Buffered Iterator Wrapper

A way to solve this is to add a wrapper around an iterator with a buffer that can hold a single item from the iterator. The items in all the merged iterator's buffers can then be compared and the next one up can be yielded. The item is simultaneously take out of the buffer, yielded to the caller, and the next item from that iterator is taken out to re-populate the buffer. This wrapper is very simple, and could look something like this:

struct IterBuf<T: Ord, I: Iterator<Item = T>> {
    iter: I,
    buf: Option<T>,
}

Efficiently Selecting the Next Item

Checking every single buffer probably won't be too bad. More than likely the number of distinct iterators is relatively small compared to the number of items they contain. But it is still possible to do better than checking every single one each time an item must be yielded. A way to keep things sorted is needed, and a heap is a good data structure for this. The heap will contain our buffered iterators and sort them based on the current value in the buffer. When the next item is needed, a buffered iterator is popped from the heap and its buffered value taken, yielded, and replaced. The buffered iterator can then simply be put back on the heap.
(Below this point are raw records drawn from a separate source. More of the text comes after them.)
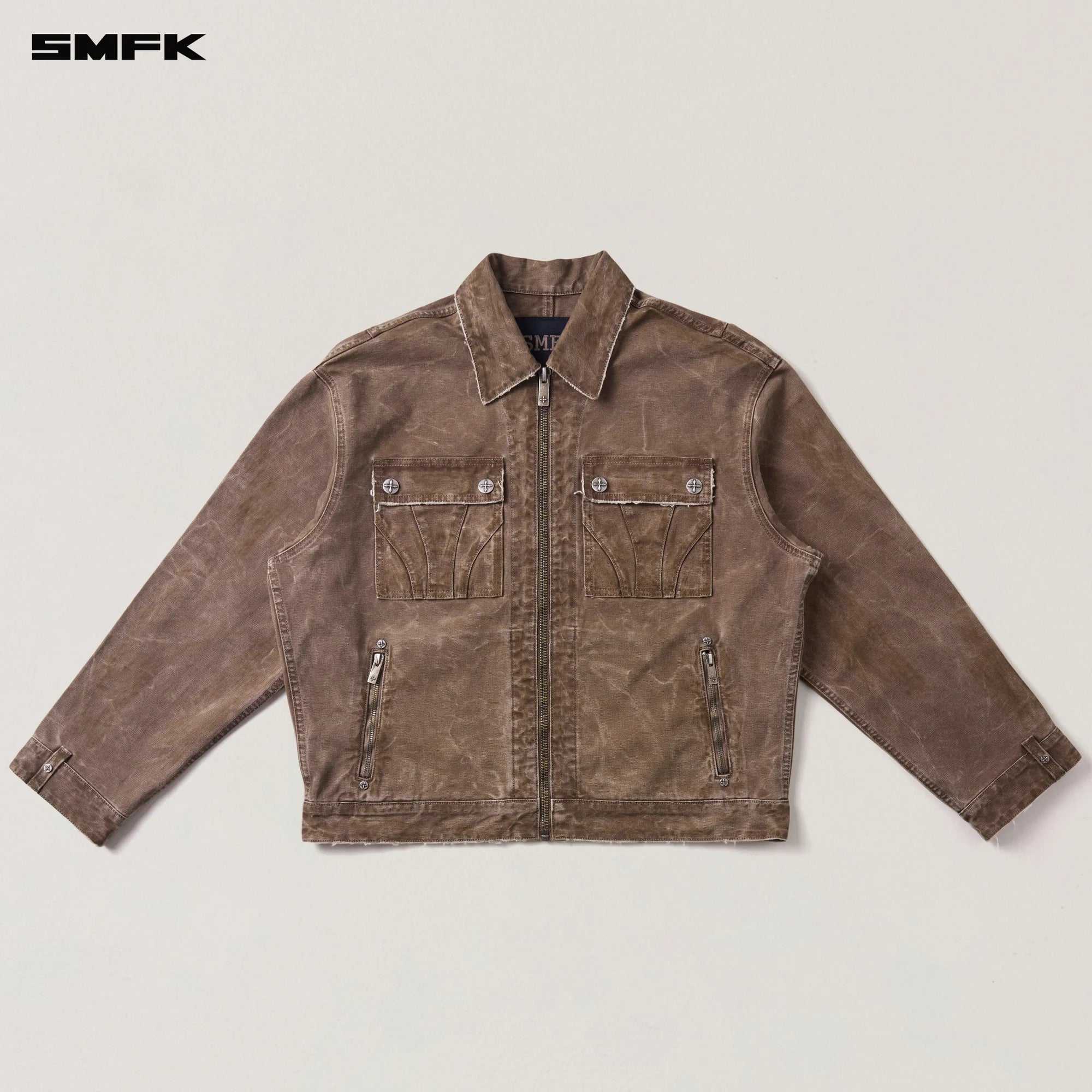 RAGE-WILD ORIGIN HANDCRAFT LOOSE CARGO JACKET/GARMENT DYED SHADOW BROWN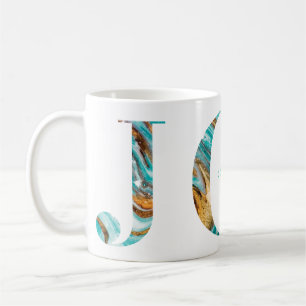 Caneca De Café Joy Colorous Teal e Dourada Tipografia Marble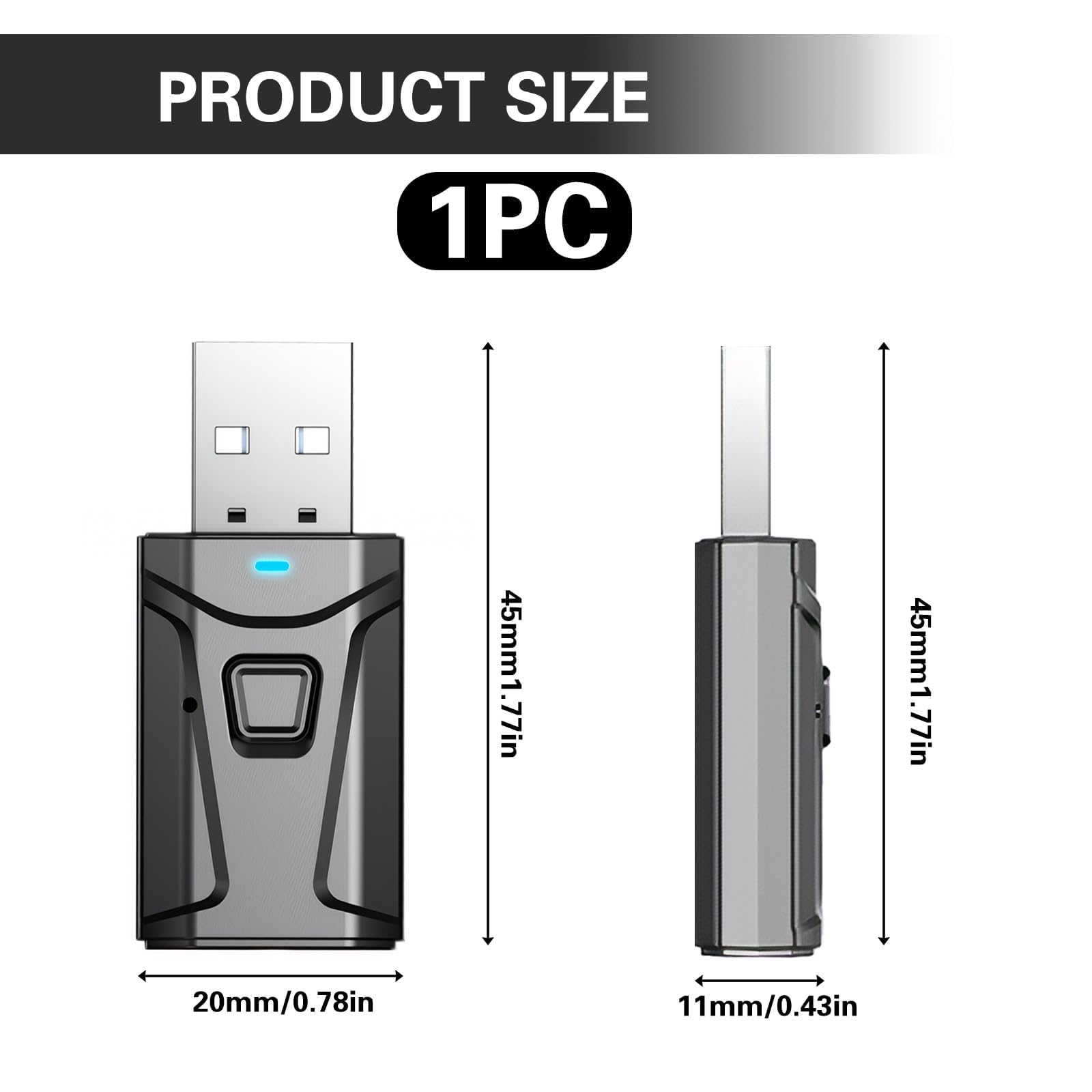 Bluetooth Adapter for TV, Bluetooth Transmitter for TV USB Bluetooth Adapter for PC, USB Bluetooth Adapter for Car, Wireless Audio Solution for Home Living Room Car Office Use — view 2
The next time a buffered iterator is popped from the heap it may or may not be that one, but it is guaranteed to be the next in sorted order.

In slightly more technical terms: If N is the number of total items in all the iterators and M is the number of iterators, checking every iterator to yield every item will take N*M operations. Popping from a heap is trivial (constant time) and inserting back into a heap is log(M), so using a heap to yield every item will take N*log(M) operations. This can be quite a bit faster if there is a large number of iterators.

Here's the full code. Using a heap in Rust requires its items to implement traits related to ordering and a lot of the logic is related to that. Also pay attention to the handling of empty iterators: Instead of putting them back in the heap they can just be thrown away.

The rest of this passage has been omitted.